Qatari officials say the Saudis, who have also been accused of funding Islamic militants, want to force Doha to realign its foreign policy with Riyadh.
But Sunday, Tillerson said it would be very difficult for Qatar to meet some of the Saudi demands. He urged all parties to negotiate an end to the Persian Gulf standoff, the worst diplomatic crisis among Gulf allies in decades.
The Saudis have given Qatar until July 3 to comply with its demand, but Qatar has rejected the demands as unreasonable, saying they impinge on the emirate's sovereignty. Tillerson said "there are significant areas which provide a basis for ongoing dialogue leading to resolution."
The mood Monday appeared to darken with an increase in the rhetoric. Bahrain's foreign minister lashed out at Qatar and — without directly naming it — Turkey, whose president has close ties with the Muslim Brotherhood. About 100 Turkish troops with armored vehicles have arrived in Doha since the crisis erupted, along with cargo planes loaded with supplies, and Turkey appears set to send another 900 soldiers.

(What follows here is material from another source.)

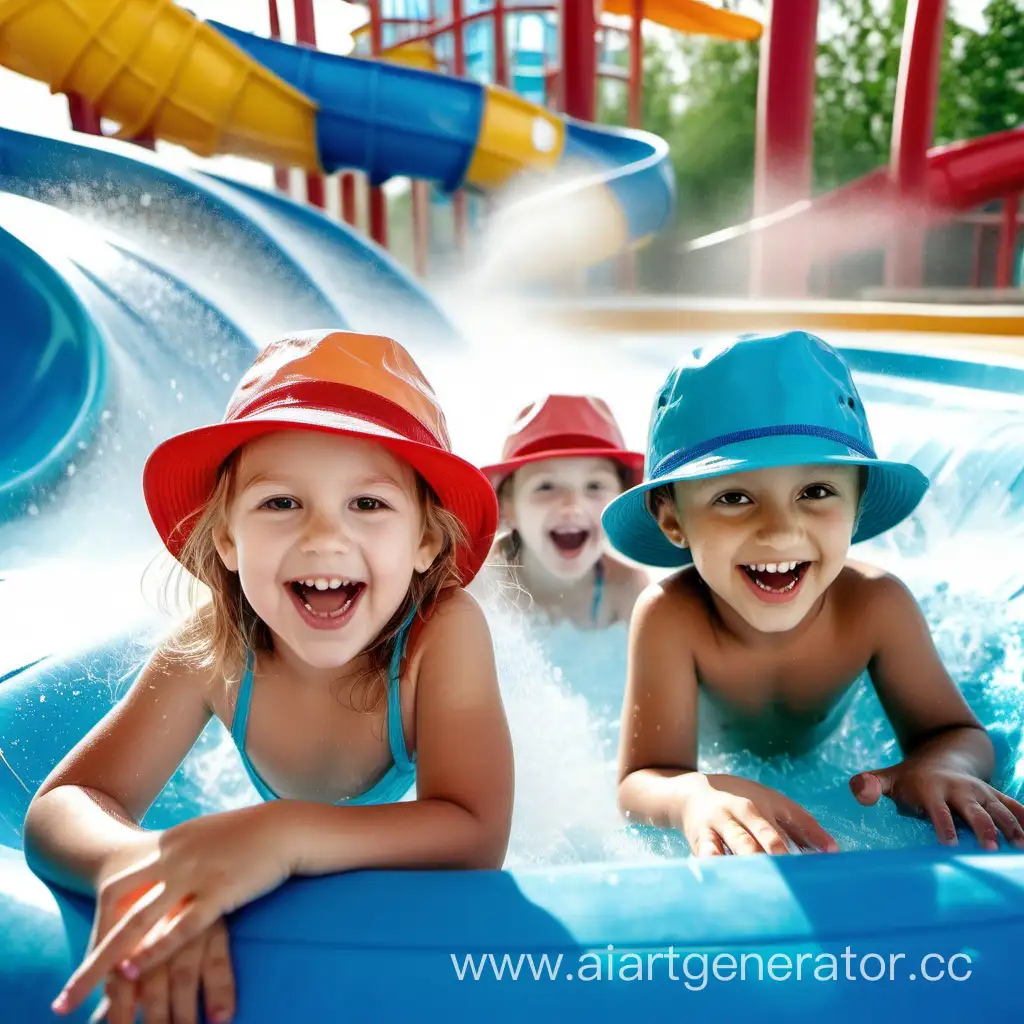 Joyful-Kids-in-Hats-Enjoying-Water-Park-Slides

"The foundation of the dispute with Qatar is diplomatic and security-oriented, never military," Bahrain's foreign minister, Sheikh Khalid bin Ahmed al-Khalifa, said on Twitter. "Bringing in foreign armies and their armored vehicles is the military escalation that Qatar has created," he added.
In a show of support, Turkey rushed through legislation to send more troops to Qatar days after the blockade was imposed on Qatar three weeks ago. On Sunday, Turkey's president, Recep Tayyip Erdogan, dismissed the Saudi-led demands as unlawful interference in Qatar's domestic affairs.

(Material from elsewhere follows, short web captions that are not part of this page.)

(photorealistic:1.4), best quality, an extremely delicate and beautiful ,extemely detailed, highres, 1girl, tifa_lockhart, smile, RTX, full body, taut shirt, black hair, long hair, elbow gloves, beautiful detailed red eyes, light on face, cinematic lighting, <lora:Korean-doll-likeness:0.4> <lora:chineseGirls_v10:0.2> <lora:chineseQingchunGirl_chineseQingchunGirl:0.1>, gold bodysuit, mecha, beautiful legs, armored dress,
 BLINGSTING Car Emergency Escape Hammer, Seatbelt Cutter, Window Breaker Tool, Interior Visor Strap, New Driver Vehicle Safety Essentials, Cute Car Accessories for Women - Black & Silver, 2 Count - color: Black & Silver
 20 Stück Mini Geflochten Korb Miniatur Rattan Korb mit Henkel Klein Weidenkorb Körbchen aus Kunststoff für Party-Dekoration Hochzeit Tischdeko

"To ask Turkey to pull its troops from Qatar is, firstly, disrespectful behavior toward us," he said in Istanbul. "We don't need permission from anyone to establish military bases among partners."
According to Qatar's economy minister, Nihat Zeybekci, Turkey has sent more than 120 cargo planes of supplies to the emirate.

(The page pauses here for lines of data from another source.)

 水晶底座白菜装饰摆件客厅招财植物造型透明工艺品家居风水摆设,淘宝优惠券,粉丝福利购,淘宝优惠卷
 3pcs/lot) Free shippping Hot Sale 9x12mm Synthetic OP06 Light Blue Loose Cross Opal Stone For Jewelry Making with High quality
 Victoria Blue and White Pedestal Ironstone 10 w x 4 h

"These moves should not be seen as being directed against anyone," he said, adding that Turkey was just working to meet the daily needs of the Qatari people. "We hope these problems will be resolved soon."
The standoff in the Gulf has exposed rifts in the administration of U.S. President Donald Trump. Some analysts argue that mixed messages coming out of Washington risk prolonging the crisis. Trump tweeted his support of the Saudis, but the State and Defense departments have been more cautious, and Defense Secretary Jim Mattis assured Doha of continuing support.